Input for this task>
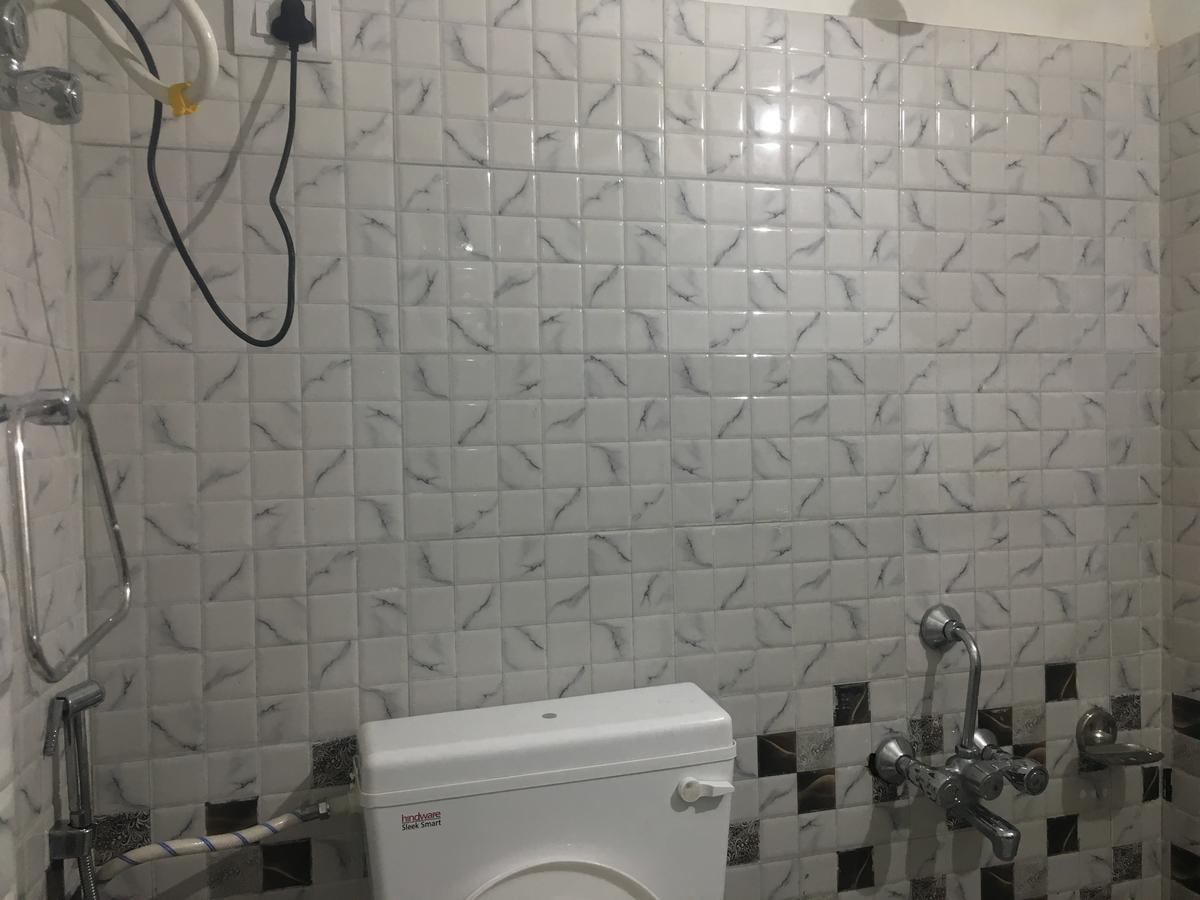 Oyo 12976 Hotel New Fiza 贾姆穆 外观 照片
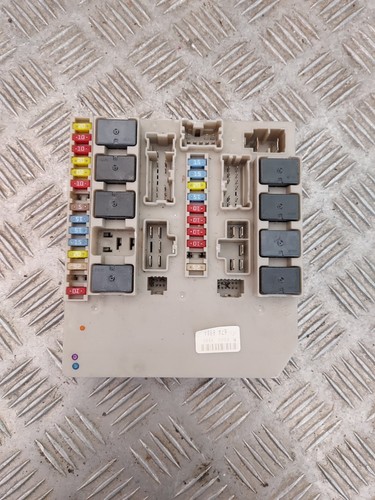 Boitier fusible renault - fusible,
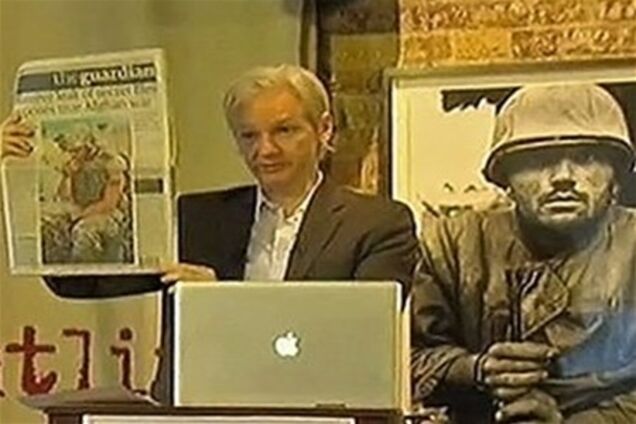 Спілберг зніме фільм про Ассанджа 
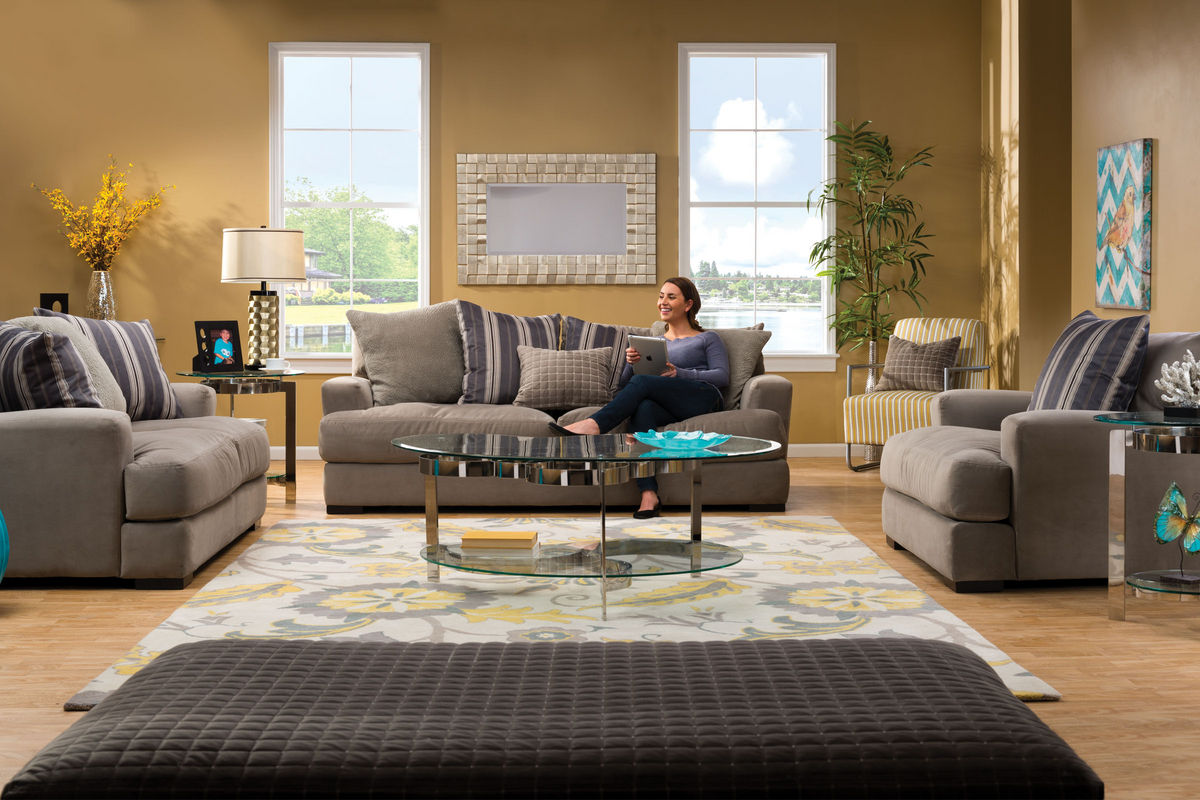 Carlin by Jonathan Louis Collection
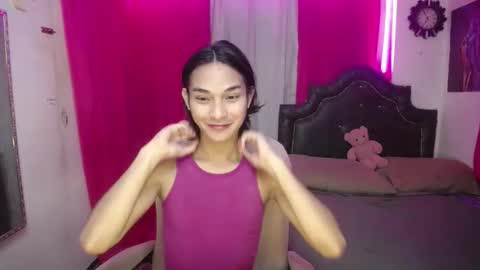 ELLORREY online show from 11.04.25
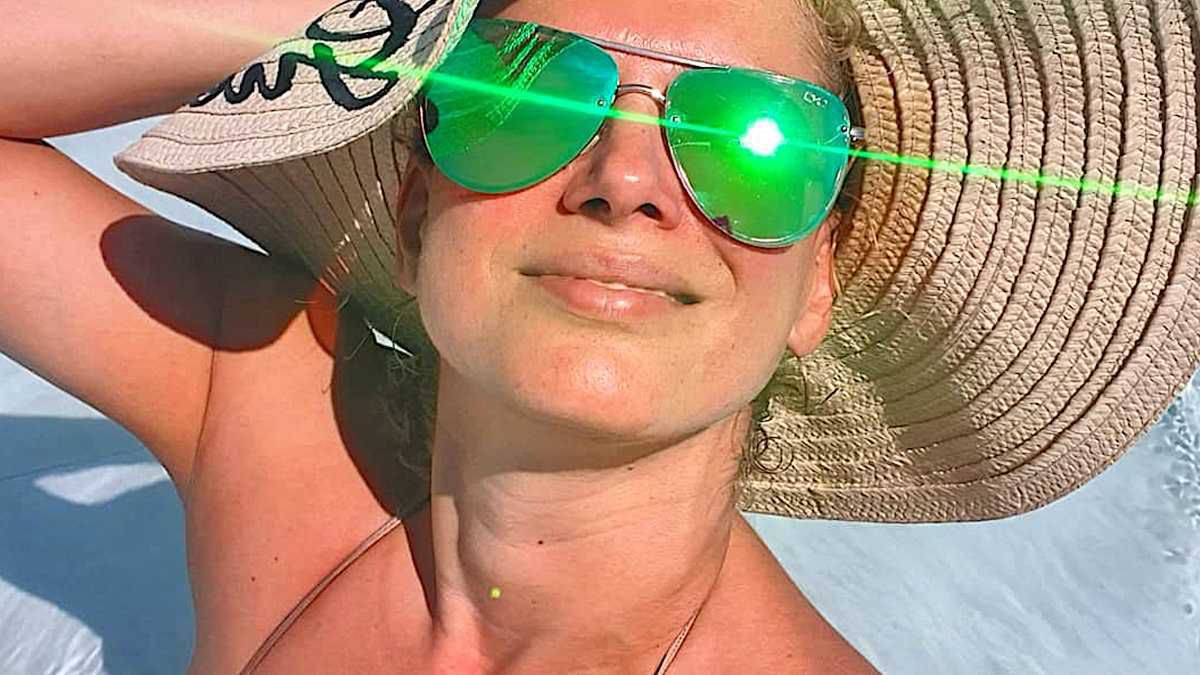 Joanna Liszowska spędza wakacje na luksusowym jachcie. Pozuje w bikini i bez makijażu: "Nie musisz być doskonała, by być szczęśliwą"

Your goal>
Return, exactly and without extra lines, everything from the line with "ELLORREY online show from 11.04.25" through the last line of the material above, both included. Pictures must be dropped.

Task response>
 ELLORREY online show from 11.04.25
 Joanna Liszowska spędza wakacje na luksusowym jachcie. Pozuje w bikini i bez makijażu: "Nie musisz być doskonała, by być szczęśliwą"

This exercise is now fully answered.